На языке когнитивной науки то, что делает Бродский, называется концептуальным смешением. В обыденной жизни мы проделываем эту операцию постоянно. Мы смотрим на фотографию близкого человека в детстве, которую он протягивает нам, и при всех очевидных отличиях понимаем, что на фотографии и прямо перед нами — один и тот же человек, в облике которого мы прозреваем детские черты, точно так же, как в фотографии ребенка видим черты взрослого человека. Эти два образа смешиваются в целостный, но трудноопределимый образ «человека как он есть».
Точно так же образы Фроста и Ахматовой в тексте Бродского, оставаясь отдельными, смешиваются в целостную картину поэта вообще, в которой время и природа оказываются фоном для стихотворных строк. И что более важно — пишущий строки на смерть поэта оказывается таким образом равным этому поэту.
Бродский закрепит это в стихотворении «На смерть Т. С. Элиота», где моделью поэтического приношения окажутся уже стихи У. Х. Одена, а не Ахматовой[301]
. В этом стихотворении «Бродский решает сразу несколько литературных задач: во-первых, он отдает дань памяти умершему поэту; во-вторых, осваивает „новейший вариант метафизической поэзии“; в-третьих, перенимая „метафизическую манеру“ Одена, Бродский занимает место „последнего поэта“, по-элиотовски присваивает традицию и становится ее последним звеном и хранителем»[302].Примечательно, однако, что он не пишет стихотворений, непосредственно посвященных ни смерти Ахматовой, ни смерти Одена. Очевидно в этих случаях литературные задачи уступали место горю от потери близкого человека.
Отсутствие поэтического отклика на смерть Ахматовой требует некоторой оговорки — часто считается, что таким откликом является стихотворение «День кончился, как если бы она…». Его связь с Ахматовой продекларировал сам Бродский, поместив стихотворение в подборку своих стихов в юбилейном номере «Звезды», посвященном столетию Ахматовой, но даже сам поэт не смог уточнить, когда именно оно было написано — датировка в публикации дана под вопросом: «1966 (?)»[303]
.Центральный мотив стихотворения — не смерть поэта, а отсутствие неназванной героини:
В стихотворении нет ни мотива поэтического творчества, ни «присвоения традиции», только боль и пустота от отсутствия умершего человека.

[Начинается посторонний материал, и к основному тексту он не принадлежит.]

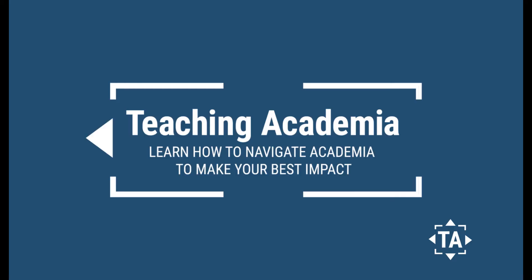What do you need to know about getting federally funded government research grants? You're going to find out right now. Hey everybody, I'm Leigh Hall from teachingacademia.com and I'm all about giving you the tools you need so you can navigate academia and make your best impact. Today we're talking about what you need to know about getting government federally funded research grants, and I'm just going to give you a very broad overview here.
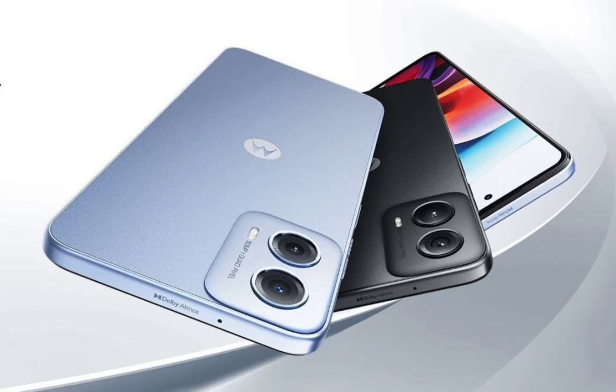As for software, it boots the latest Android 14. The phone sports a dual-camera setup on the rear comprising a 50MP primary sensor and a 2MP macro snapper. On the front, it has a 16MP selfie camera. Other features include Dolby Atmos-supported dual stereo speakers, a microSD card slot, a 3.5mm headphone jack, and Ready For on the 8GB RAM variant.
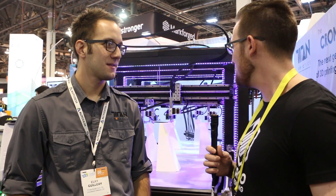Hey everyone, this is John Schneider with FireGore 3D Printing here at CES 2017. I'm here in the Titan Robotics booth with Clay Guillory, who is the founder of Titan Robotics.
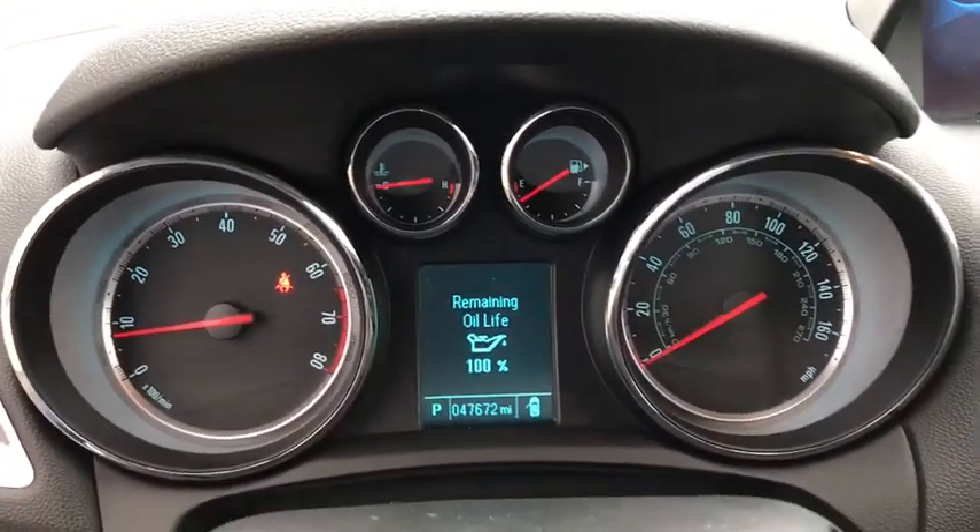Standard features that would make any car owner smile. This vehicle has less than 50,000 miles.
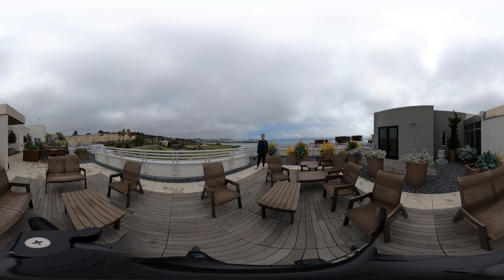This is the roof deck that comes with the property at 451 Donahue Street, Unit 402. It's listed at $725,000. We're doing virtual tours, so please let me know if you'd like to schedule one.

Главное поэтическое приношение Ахматовой Бродский написал через пять лет после ее смерти, за несколько месяцев до того, как навсегда покинул родной город. Это «Сретенье» — продолжение диалога с Ахматовой на библейские темы и одновременно — мощный жест в утверждении собственной литературной биографии, разделение первенства и преемственности.
Сам он говорил о стихотворении так: «Я также написал довольно неплохую вещь о Сретении. Знаете о таком празднике? Это о переходе от Старого Завета к Новому Завету. Это первое появление Христа в Библии, когда Мария приносит его в храм. А еще это о первой христианской смерти — святого Симеона. Мне кажется, хорошо получилось»[304]
.Согласно датировке Томаса Венцловы, в чьих дневниковых записях скрупулезно зафиксированы в том числе события 1972 года, «Сретенье» было написано Бродским в промежутке между 25 и 29 марта. Вот запись от 29 марта, которую он приводит: «И[осиф] показывал только что написанные стихи — „Сретенье“. Четыре дня тому назад он еще собирался их делать. Стихи несколько попахивают поздним Пастернаком, хотя, видимо, лучше его. По словам И., „это о встрече Ветхого Завета с Новым“»[305]
. Там же Венцлова вспоминает и о том, что 4 дня назад, 26 марта, Бродский в компании друзей спрашивал окружающих о деталях евангельского сюжета — «не все они были ему ясны».Сам Бродский и при первой публикации стихотворения в сборнике памяти Ахматовой, и при публикации перевода указывает дату — 16 февраля. Лев Лосев в комментарии к «Сретенью» считает, что «это, видимо, указывает не на точную дату написания стихотворения, а на день, когда православная церковь отмечает праздник Сретения Господня», и добавляет, что такая датировка указывает на то, что «у Бродского неточность»[306]
. Тем не менее никакой неточности здесь нет, поскольку 16 февраля не только приближает стихотворение к празднику Сретения (15 февраля), но непосредственно связывает его с днем памяти Анны Пророчицы, установленным как раз на 16 февраля по новому стилю (3 февраля по старому стилю). Таким образом, Бродский с помощью даты подчеркивает связь стихотворения с Анной Ахматовой.